FRANCES CRANE – The Golden Box. Pat Abbott & Jean Holly #2. J. B. Lippincott, hardcover, 1942. Popular Library #80, paperback, no date stated, circa 1946. Rue Morgue Press, softcover, 2005.

   This second of a series of 26 crime-solving adventures of husband-and-wife (to be) takes place in Jean Holly’s home town of Elm Hill, Illinois, not in New Mexico, where she has been living ever since her parents died. She is single, but at the age of 26, she is starting to wonder how she will manage the rest of her life as an old maid. Her future husband, a private detective named Patrick Abbott, is in the picture, though, and part of the fun of this book is in watching how their somewhat bumpy romance is progressing.

   But from Jean’s point of view only. Pat Abbott is one of those strong, quiet kind of men, and getting him to say more than a couple of words about the case at a time, for example, is a bit of a struggle. What he thinks about Jean is another matter altogether — there we have no idea — but that he is in Illinois where Jean’s Aunt Sue is recovering from a short illness should tell you something.
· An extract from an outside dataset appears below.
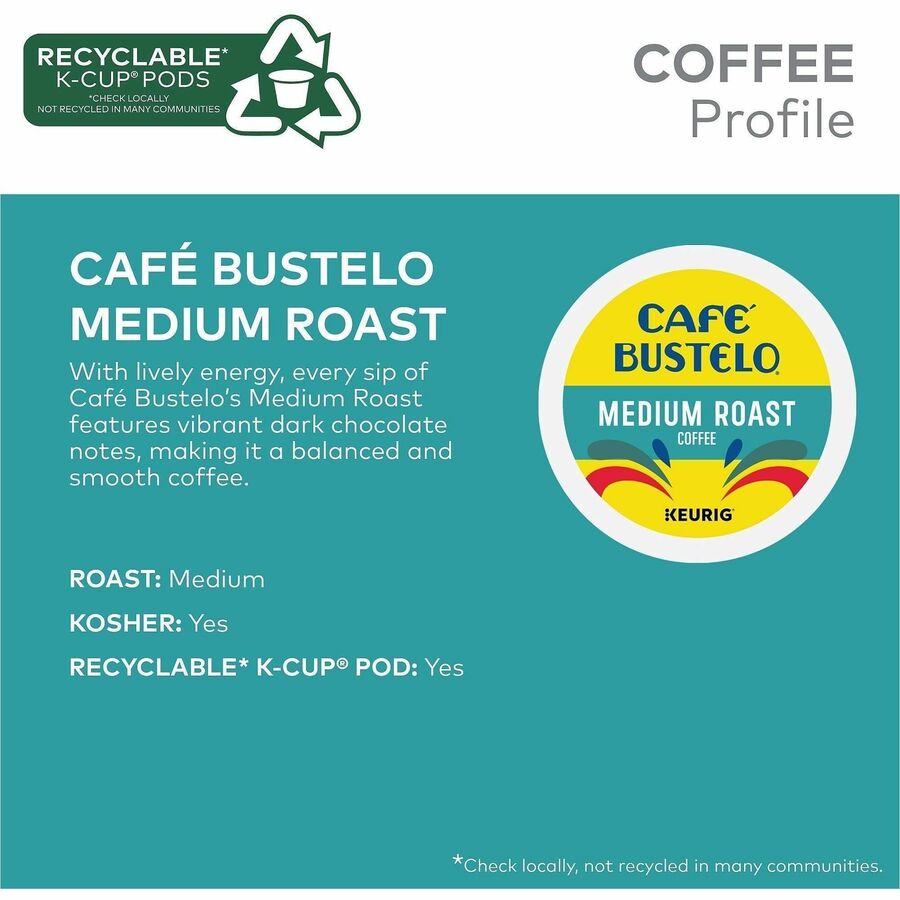 Caf&eacute; Bustelo K-Cup, Pod Medium-Roast K-Cup Coffee Pods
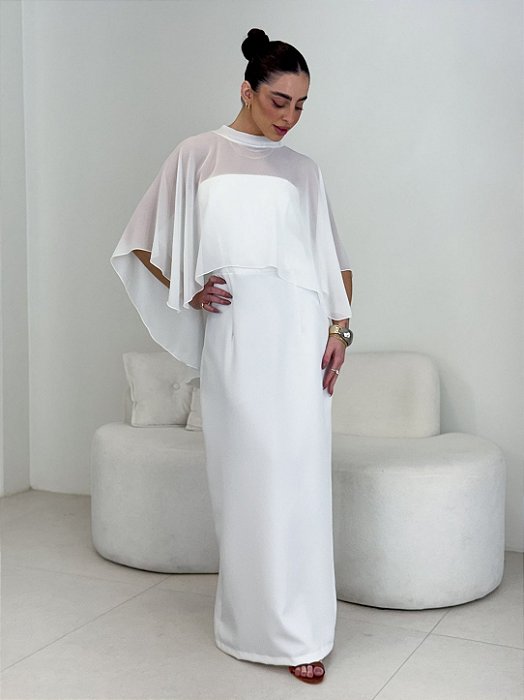 Vestido Longo Alfaiataria com Capa Feminino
   Dead is the rich old lady who runs just about everything in terms of Elm Hill society matters, and she is pretty much disliked for that very same same reason. Domineering, you might say. Her death might have been passed off as natural if it weren’t for the followup death of the black maid who found her body — in her case a suicide that that doesn’t look like one, not to the trained eye of an expert like Pat Abbott.

   The opening chapter is a bit of mess, with characters being introduced willy-nilly without very much of an introduction, and the ending is cluttered and confused. In between, though, the hometown sleuthing is fun to watch and goes down smoothly — there are lots of suspects!

   While there is one good clue as to the killer’s identity, Pat Abbott otherwise keeps all his cards too close to his chest (see above). The motive for the killing is discovered, for example, only by sending a telegram off to his secretary back in his office for her most timely assistance.